On le retrouve un peu partout, bien qu’il aime se faire discret et reste difficile à cerner. On ne sait s’il est dur ou doux, lourd ou léger. Fils du plomb et de la brume, il a la délicatesse de la perle et l’intransigeance de l’éclair. De toute évidence, il est triste, d’une tristesse devenue habitude, long souci endurci en indifférence par le supplice de la monotonie. Substance de la pluie et des larmes, surtout quand elles sont retenues, clarté des ciels bas et des regards voilés, il marche à l’écart, âne portant nos charges, et il va loin, trop loin, falaise où se jeter.
Au début et à la fin de l’hiver, il ne reste plus que lui, lorsque toutes les couleurs ont été délavées par les intempéries. Cette année, décembre a choisi d’être gris, plutôt que blanc comme neige ou noir comme nuit. Teinte prisée en notre époque d’austérité, assurance de bon goût et de conformité, qui couvre murs, meubles et manteaux. Comme s’il ne fallait pas montrer trop de joie, trop d’éclat en ces temps de demi-deuil. Manière de figurer le brouillard où nous nous enfonçons, l’avenir incertain dont nous ne pouvons qu’espérer éviter les récifs. Métonymie de notre modernité, de ses instruments qui nous émancipent et nous aliènent, de sa promesse trompeuse d’éternité. Rappel enfin de l’argent qui manque par son symbole.
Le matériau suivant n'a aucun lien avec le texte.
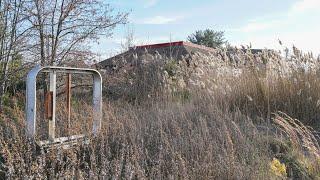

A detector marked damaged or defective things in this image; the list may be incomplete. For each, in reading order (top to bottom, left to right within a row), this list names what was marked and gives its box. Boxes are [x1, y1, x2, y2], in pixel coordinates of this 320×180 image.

rusted metal surface [26, 65, 102, 147] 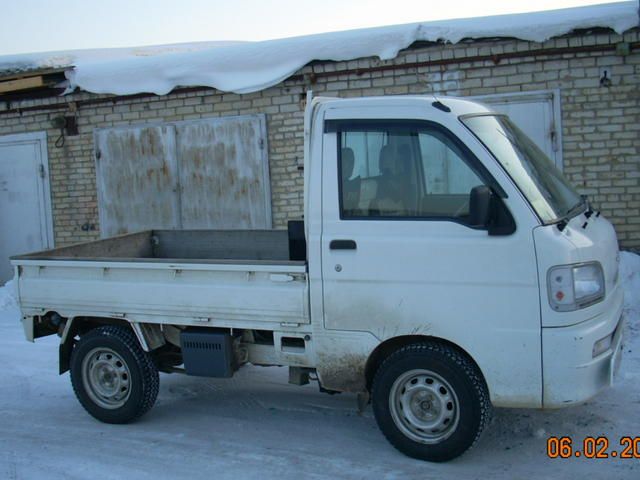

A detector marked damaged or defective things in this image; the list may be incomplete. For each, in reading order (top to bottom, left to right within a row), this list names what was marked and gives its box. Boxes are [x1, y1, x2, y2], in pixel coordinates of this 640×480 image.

Gris s’échappe de son portrait, trop impalpable pour tenir dans un cadre. Sous son effet, les limites s’estompent, surgissent des zones d’ombre. La flaque inverse nos repères, la photo floute nos souvenirs. Tout devient perméable, imprécis, méconnaissable. Gris apporte de la nuance. Sagesse de la vieillesse qui auréole les chefs. Plus possible de se prononcer sur quoi que ce soit. Il nous a réduits au silence.
Sachez cependant qu’il n’est pas aussi triste qu’il y paraît. Rose le sauve de son humeur sombre. Dans nos villes, comme sur les cimes, ils vivent leur romance à l’aube et au crépuscule. Leur bref, intense embrasement nous rappelle à l’essentiel : la splendeur de la vie dans sa simplicité.